Originally posted on Her Campus
Days before, you set up a date with the cutest boy you could find on Tinder. Now the big night is here and you’re faced with the challenge of getting ready. Follow my easy steps to successfully make it through the night!
1.) Stare at the Tinder profile in question.
You need to make sure you’re still at all attracted to this person. Let’s be real, sometimes you match and agree to a date with someone only because they were the most attractive in the lot that swiping session. Once you’ve confirmed they’re still attractive, move on to step two. If you find they’re no longer intriguing, skip to step six.
2.) Shower, and shave everything.
This is Tinder, after all.
3.) Do your entire morning skincare routine.
You’ve just showered five hours earlier than you normally do, and you still have to go out and participate in more activities. This calls for a reset of your morning routine.
4.) Start your makeup.
Your roommate recently convinced you that doing your makeup first is way better than getting dressed first. For the first and last time ever, you decide to try it out. She seems to be decidedly wrong, doing your makeup first is just nonsensical.
5.) Text to confirm with your date.
It’s the polite thing to do. Text to confirm the time and place, the plan in general.
6.) Either cancel the date yourself or find that they’ve cancelled on you.
It is Tinder, after all. You’ll either finish your makeup to find that they’ve texted “Hey :/ I actually have an assignment due tonight… Raincheck?” or they’ll answer your confirmation all too excitedly and turn you off. Either way, you weren’t too excited about the date to begin with, and now you have a free night.
7.) Throw your phone across the room, take off your makeup.
It’s time to reset again—this time for bed.
8.) Redo your skincare routine.
The bedtime routine now. There’s no way you’re going out after all this. Your skin will either be dying or glowing tomorrow.
9.) See that they’ve texted, or text them to soften the blow.

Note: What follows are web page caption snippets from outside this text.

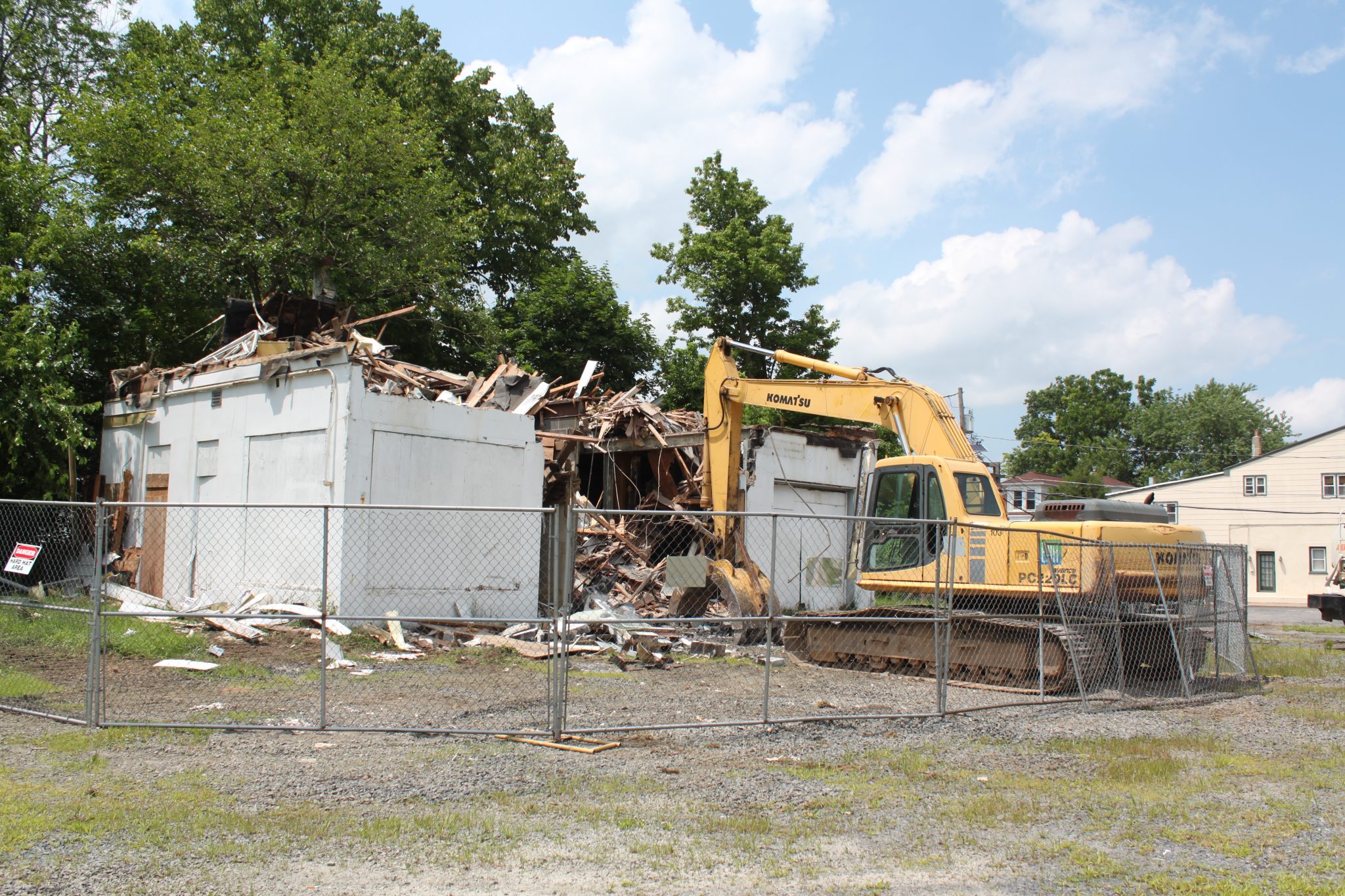 Pit Stop demolition begins, making way for passive park after contamination is evaluated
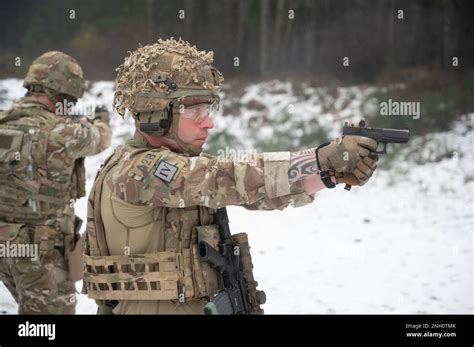 Army Green Berets Vs Rangers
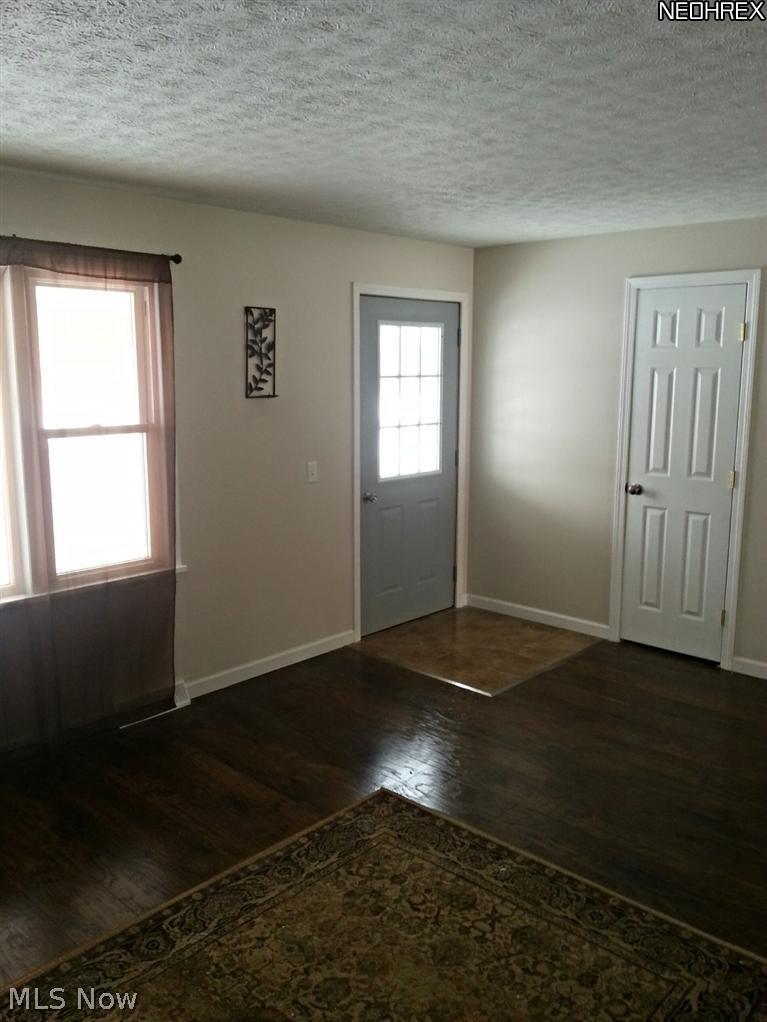 951 Wall Road Wadsworth, OH 44281 - Photo 13 of 24 Gallery Image 13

Either the person has responded again, saying something along the lines of, “But you’re really cute and obviously smart, def want to reschedule.” Or you text them the same thing to make them feel better about the fact that you hate Tinder and are maybe bored of them.
10.) Feign interest in a raincheck.
You’ve been raised to be polite, you have to at least act interested in meeting them. You may, in fact, be interested in meeting them. But right now you have no care other than spending your night, decidedly not on a date.
11.) Put on sweatpants instead of your planned outfit.
It doesn’t matter that you spent twenty minutes picking the perfect winter date outfit, during those 25 minutes you were actually excited for the date. Now the date is off, you’re free to spend your night in sweatpants and your ugly high school ceramics T-shirt. Take advantage of it. Love it. Revel in the coziness.
12.) Make pasta, drink wine.
Again, revel in the coziness. Now you can get drunk in your own home rather than in a pretentious restaurant. Eat the pasta you’re great at cooking. Giggle with your roommate about Tinder and drinking, gossip about her dating life and your lack thereof.
13.) Watch John Mulaney, cause you’ll always love him more than you could ever love a Tinder Boy.